The Rally of the Forces for Change (RFC), led by Timane Erdimi, has crossed into Chad from Sudan, the government announced at a closed meeting with representatives of the international community in the capital Ndjamena on 1 December.

The rebels have been seen heading east towards the town of Guereda, a major humanitarian hub for assisting tens of thousands of Sudanese refugees and displaced Chadians.

Aid workers at Guereda are reportedly making preparations to evacuate but have not begun to do so, said a humanitarian source.

One international official said he could verify that on 1 December a column of RFC combatants quietly passed the town of Iriba, near the border, where there is a large refugee camp, then headed for Biltine, one of two regional capitals in the east. Later in the day army helicopter gunships were seen above the village of Oum Chalouba north of Biltine defending a garrison from the rebels.

Various reports suggest that the number of dead and wounded soldiers and rebels on the two fronts could be in the thousands. Three civilians were also killed in crossfire according to a humanitarian source, but there are no reports of fighting taking place in areas with large civilian populations, according to an international security official.

“If fighting with the same intensity were to take place in towns and villages it would be disastrous,” he said.

Other fronts

Fighting could break out elsewhere in the east. Another rebel group, the Chadian National Concord (CNT), may be poised to attack government troops south of the current fighting around Daguessa, one source told IRIN. “Negotiations between the local governor and the CNT there appear to have broken down,” the source said. “The CNT’s forces are currently in Sudan but we wouldn’t be surprised if they soon cross into Chad to engage the army.”

In addition, there are reports of defections by members of the former rebel United Front for Change (FUC) who had been in the process of integrating into the army. Their leader, Mahamat Nour Abdelkerim, had been defence minister until 1 December when the government announced his removal.

Nour has since taken refuge in the Libyan embassy in the capital Ndjamena. Security in the capital has increased at night with troops setting up spot checkpoints.

The FUC posed a grave danger to the government of President Idriss Deby in April 2006 when they launched an attack on Ndjamena that was stopped only after French army stationed there intervened, according to many sources. Deby later made Nour defence minister on the condition that he integrate his FUC fighters into the army.
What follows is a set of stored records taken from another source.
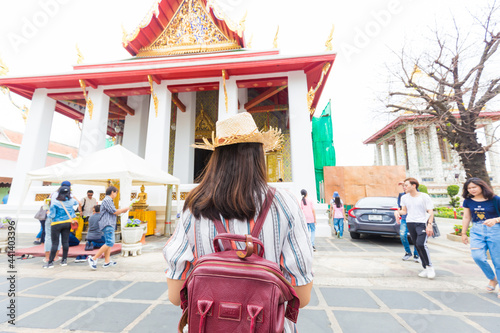 Asian backpacker women wear sun hat traverl in temple of buddha © themorningglory
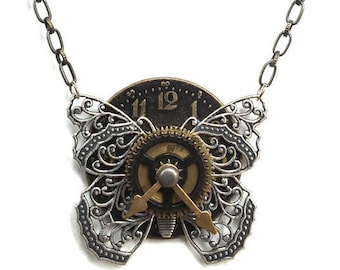 May include: A silver and gold necklace with a clock face and butterfly wings. The clock face has Roman numerals and a gear design. The butterfly wings are intricate and detailed.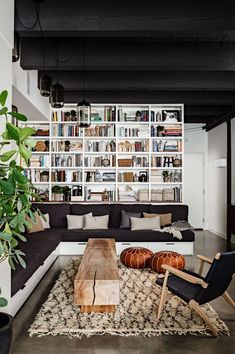 a living room filled with furniture and bookshelves next to a large book shelf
Now that Nour has been sacked the question is what his men will do: The minister of foreign affairs Ahmad Allam-Mi said at a press conference on 1 December that a few had been caught providing the UFDD rebels with stolen fuel and military equipment for their recent offensive but that most remained loyal to the army.

Yet an anonymous military officer at the town of Adre on the border with Sudan said on 2 December that former FUC fighters there were deserting. And according to another source hundreds of the FUC in Guereda have also defected. “President Deby recently went to Guereda to try to convince the FUC to stay in the army but he failed,” the source said.

It remains to be seen whether the many ex-FUC in towns in the south-east, in particular Goz Beida and Am Timan, will stay, the source said. “Their current status in the army is ambiguous at best.”